(Saved data entries)
......
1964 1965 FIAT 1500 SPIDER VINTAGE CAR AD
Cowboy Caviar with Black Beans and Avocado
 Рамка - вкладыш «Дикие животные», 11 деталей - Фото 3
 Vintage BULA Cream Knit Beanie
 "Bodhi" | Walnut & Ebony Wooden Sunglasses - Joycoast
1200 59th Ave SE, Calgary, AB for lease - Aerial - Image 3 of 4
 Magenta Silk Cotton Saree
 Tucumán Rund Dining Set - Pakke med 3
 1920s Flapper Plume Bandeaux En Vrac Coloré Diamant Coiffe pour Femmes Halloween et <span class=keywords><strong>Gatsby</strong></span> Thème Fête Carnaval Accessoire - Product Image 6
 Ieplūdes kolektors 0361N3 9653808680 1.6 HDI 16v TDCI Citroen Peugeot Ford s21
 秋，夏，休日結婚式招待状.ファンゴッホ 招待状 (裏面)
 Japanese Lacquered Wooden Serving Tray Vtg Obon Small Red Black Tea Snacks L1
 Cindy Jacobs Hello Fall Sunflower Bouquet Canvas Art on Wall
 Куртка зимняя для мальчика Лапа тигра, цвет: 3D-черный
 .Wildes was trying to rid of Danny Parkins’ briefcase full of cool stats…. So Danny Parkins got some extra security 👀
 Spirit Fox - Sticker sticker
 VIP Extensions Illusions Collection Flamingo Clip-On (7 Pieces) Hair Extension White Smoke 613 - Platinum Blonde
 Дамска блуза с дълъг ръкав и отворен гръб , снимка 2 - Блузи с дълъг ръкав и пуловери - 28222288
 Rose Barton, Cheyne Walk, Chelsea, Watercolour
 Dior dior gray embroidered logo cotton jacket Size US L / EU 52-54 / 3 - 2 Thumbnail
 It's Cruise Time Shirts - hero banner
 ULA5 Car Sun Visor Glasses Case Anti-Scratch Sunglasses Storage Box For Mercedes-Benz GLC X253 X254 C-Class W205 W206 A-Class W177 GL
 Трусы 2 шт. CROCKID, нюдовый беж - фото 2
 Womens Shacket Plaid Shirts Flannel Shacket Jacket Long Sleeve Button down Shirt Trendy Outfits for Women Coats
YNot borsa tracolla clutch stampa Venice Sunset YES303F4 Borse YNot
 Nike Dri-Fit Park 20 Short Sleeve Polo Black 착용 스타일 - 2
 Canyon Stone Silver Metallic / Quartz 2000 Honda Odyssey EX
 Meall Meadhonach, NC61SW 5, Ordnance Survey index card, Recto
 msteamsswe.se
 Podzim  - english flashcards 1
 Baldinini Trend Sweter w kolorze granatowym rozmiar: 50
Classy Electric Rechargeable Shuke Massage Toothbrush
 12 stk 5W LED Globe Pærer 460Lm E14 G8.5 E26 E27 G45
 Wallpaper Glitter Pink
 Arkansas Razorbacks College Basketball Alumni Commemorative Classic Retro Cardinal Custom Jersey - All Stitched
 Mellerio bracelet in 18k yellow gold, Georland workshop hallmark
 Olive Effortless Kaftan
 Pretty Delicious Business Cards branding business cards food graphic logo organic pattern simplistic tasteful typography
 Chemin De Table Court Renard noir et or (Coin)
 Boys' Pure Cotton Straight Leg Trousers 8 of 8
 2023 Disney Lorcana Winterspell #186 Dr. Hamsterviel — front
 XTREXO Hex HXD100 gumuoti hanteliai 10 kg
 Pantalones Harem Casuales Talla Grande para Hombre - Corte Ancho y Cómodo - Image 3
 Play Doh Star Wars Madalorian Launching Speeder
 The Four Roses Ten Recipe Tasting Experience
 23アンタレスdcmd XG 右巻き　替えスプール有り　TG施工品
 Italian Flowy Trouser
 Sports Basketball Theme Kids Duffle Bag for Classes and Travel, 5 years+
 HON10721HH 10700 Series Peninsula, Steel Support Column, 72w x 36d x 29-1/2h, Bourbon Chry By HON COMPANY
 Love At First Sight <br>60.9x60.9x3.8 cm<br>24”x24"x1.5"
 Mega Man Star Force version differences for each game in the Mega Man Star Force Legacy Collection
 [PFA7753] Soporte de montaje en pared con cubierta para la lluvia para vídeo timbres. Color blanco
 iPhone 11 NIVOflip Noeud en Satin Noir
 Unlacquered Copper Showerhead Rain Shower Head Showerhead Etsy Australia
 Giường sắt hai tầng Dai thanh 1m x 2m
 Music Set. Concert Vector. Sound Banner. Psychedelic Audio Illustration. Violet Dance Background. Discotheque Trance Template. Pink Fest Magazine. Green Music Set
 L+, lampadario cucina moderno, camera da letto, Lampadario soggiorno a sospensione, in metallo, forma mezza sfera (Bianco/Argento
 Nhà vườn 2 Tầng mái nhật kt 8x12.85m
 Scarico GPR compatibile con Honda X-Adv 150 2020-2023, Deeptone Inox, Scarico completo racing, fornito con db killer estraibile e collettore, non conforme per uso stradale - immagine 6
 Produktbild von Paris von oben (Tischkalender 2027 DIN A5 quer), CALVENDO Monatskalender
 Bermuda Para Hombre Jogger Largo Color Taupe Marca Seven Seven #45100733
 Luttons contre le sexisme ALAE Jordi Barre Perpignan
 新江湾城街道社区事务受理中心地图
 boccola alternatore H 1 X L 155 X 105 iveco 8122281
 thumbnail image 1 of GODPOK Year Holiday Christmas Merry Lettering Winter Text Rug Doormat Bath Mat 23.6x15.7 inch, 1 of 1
......
## TO DO
Read through the entries above, and wherever a line holds the string "Star", copy it.

## RESULT OF THE EXERCISE
 Play Doh Star Wars Madalorian Launching Speeder
 Mega Man Star Force version differences for each game in the Mega Man Star Force Legacy Collection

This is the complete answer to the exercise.